Oklahoma has a new city the size of Bartlesville, but it doesn't have a name and can't be found on a map. In the year ended July 1, the state added an estimated 34,788 residents, which is roughly the size of Bartlesville. U.S. Census Bureau figures show that Oklahoma is growing faster than the nation as a whole but not nearly as fast as national leader North Dakota. Significantly, Florida is poised to pass New York as the third most populous state, behind California and Texas. Florida and Texas are among the states with no personal income tax. New York has one of the highest tax burdens in the country. Only two states, West Virginia and Maine, lost population. In political terms, red states are generally growing faster than blue states.

New York state

of mind

With their votes for mayor in November, New York City voters said emphatically that they wanted a change from the administrations of the previous 20 years. That change began Wednesday when liberal Democrat Bill de Blasio took the oath of office. De Blasio played the class warfare card to the hilt during his campaign, promising to deliver a “more just, more progressive” New York. That includes raising taxes on the wealthy to pay for universal prekindergarten and after-school programs. “We do not ask more of the wealthy to punish success,” de Blasio said Wednesday. “We do it to create more success stories.” He also plans, among other things, to change the police department's stop-and-frisk program, which has succeeded in making it safer to walk the streets, and to get 300,000 more workers covered by a sick leave law. “When I said we would take dead aim at the tale of two cities, I meant it,” de Blasio said. We'll see what's left of the one city four years from now.

No guarantees

A couple of observations regarding final spending figures from the recent Tulsa mayor's race.
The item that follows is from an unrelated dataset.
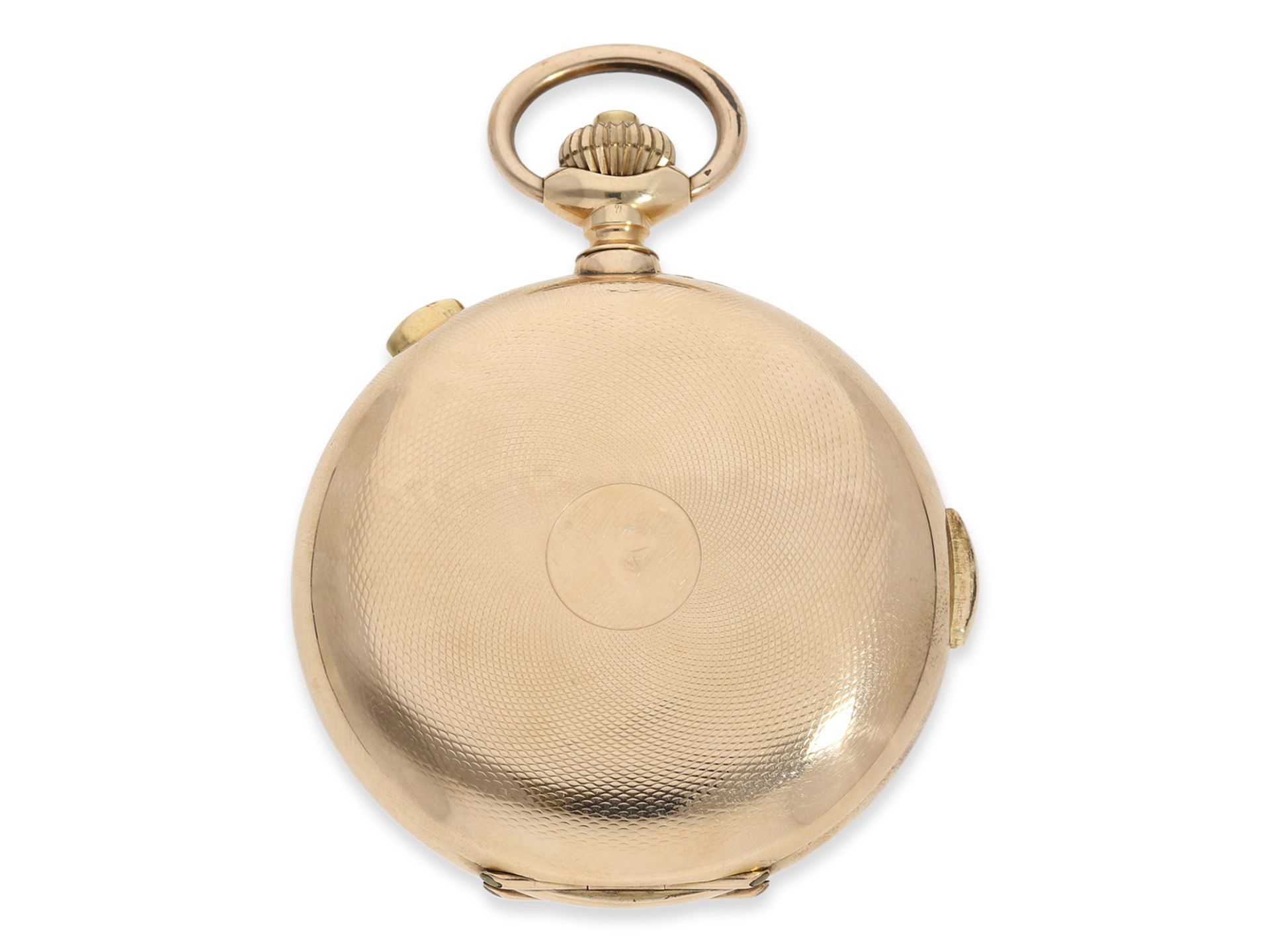 Pocket watch: impressive gold hunting case watch with repeater and chronograph, Audemars Freres Gene - Image 8 of 8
The first is simply the staggering amount of money expended in a mid-sized city. Mayor Dewey Bartlett and challenger Kathy Taylor combined to spend $5.67 million, a record for any Tulsa mayoral campaign and a huge jump from the $3.75 million spent in the 2006 race between the two. The second is that Taylor had a 4-1 spending advantage this time. She spent $4.25 million and still came up short. The Tulsa World broke it down to $131 for every vote she received (compared with $35.74 per vote for Bartlett). It takes money to win elections, certainly, but as this result showed, having the most money guarantees nothing.

by The Oklahoman Editorial Board
The Oklahoman Editorial Board consists of Gary Pierson, President and CEO of The Oklahoma Publishing Company; Christopher P. Reen, president and publisher of The Oklahoman; Kelly Dyer Fry, editor and vice president of news; Christy Gaylord...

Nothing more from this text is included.